Now that “calling out” has become an Internet thing, there’s a lot of tension coming from folks who don’t really know what to do with it, particularly on the receiving end. The kneejerk reaction is usually some kind of defensiveness (“I am a good person, therefor I can’t be ___ist.” “I don’t follow your logic, therefor the mistake must’ve been yours.”, “How dare you? Don’t you know everything I’ve done for ___?”) or attack. Some conflict-averse folks can ignore or deflect being called out, but very few slow down to address the concern thoughtfully. To some extent, this is because dominant cultural narratives encourage us to take any disagreement as a personal or political affront, but I suspect it also owes to our inexperience with ambivalent self-examination. Deep self-awareness is neither common nor encouraged, so how in the world can it be acquired?

Personally, when I feel challenged or conflicted in some way, I attempt to unpack those feelings. Although I no longer have the privilege of travel, I find myself “unpacking” more than ever…

To a skilled traveler, unpacking a suitcase is as important as packing it. Upon return, one is smart to sort out belongings and reintegrate them into the usual routine. This may entail laying out contents into various piles: travel documents to be secured, dirty clothes for laundry, toiletries here, souvenirs there — oh, don’t need that bus pass any longer, better toss it… Investing a little time now can save a lot of trouble later.

In the activist spaces where I first heard it, to “unpack” is to take apart a complicated thought, belief, or conversation in order to interpret its smaller, less apparent components. When participants in a facilitated discussion stumble onto something profound or dense, the facilitator (whose role includes encouraging useful tangents) might step in and suggest everyone slow down to “unpack what just happened;” the aim is greater understanding for all participants and/or progress toward the group’s shared goals. Reviewing such components can help contextualize the ideas or persons present, and often the unpacker(s) uncover biases, assumptions, or other problematic notions of which they were previously unaware. However carefully they prepare an agenda, facilitators often cite these shared detours as the most fruitful points in their discussions.

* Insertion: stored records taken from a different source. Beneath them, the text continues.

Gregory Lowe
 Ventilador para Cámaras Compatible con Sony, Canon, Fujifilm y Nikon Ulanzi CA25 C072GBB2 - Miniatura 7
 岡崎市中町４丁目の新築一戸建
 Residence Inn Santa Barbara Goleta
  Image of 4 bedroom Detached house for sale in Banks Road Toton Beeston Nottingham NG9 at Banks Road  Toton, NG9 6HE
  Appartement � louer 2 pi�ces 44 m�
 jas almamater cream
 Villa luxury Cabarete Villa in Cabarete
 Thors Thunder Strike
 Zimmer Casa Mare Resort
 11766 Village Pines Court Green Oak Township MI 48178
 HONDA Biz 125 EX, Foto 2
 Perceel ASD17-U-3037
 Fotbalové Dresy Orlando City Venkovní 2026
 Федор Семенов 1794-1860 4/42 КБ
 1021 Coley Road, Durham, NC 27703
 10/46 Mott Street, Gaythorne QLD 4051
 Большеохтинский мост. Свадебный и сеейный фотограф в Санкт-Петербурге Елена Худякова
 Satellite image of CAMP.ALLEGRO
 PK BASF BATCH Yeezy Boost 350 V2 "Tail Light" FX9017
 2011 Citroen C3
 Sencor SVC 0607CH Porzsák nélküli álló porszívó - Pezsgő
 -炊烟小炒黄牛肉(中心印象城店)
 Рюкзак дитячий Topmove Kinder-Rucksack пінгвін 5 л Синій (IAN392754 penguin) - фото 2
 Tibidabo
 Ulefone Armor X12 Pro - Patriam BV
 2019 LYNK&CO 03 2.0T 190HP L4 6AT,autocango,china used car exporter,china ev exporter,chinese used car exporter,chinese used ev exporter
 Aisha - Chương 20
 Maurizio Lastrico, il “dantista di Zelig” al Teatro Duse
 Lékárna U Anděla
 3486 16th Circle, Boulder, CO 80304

As activism evolves from just movement-building to comprehensive lifestyles (where personal growth is progress, i.e. “being the change you want to see in the world”), the term gains wider usage because many ideological concepts are simply too complex to stand on their own. And although one of activism’s great proverbs alludes to it — “the personal is political” — unpacking has never been reserved for activists; it is an invaluable tool for any person who wants to live out a consistent set of personal values.

Our ideas and beliefs — all of them — carry some layer of social “baggage” (hence the metaphor), cultural and/or personal cues we may not recognize as ours or as optional. Like unpacking a travel bag, unpacking an idea involves reorganizing its contents, distinguishing what is useful as-is from what needs modification, even discarding some components entirely. This decision process cannot be performed well unless the context for each component — its social baggage — is known and understood. Unpackers must confront those concepts that are problematic, counter-intuitive, or self-contradictory, or they may instead need to anticipate others’ discomfort with ideas that, however beneficial, are simply new and unusual.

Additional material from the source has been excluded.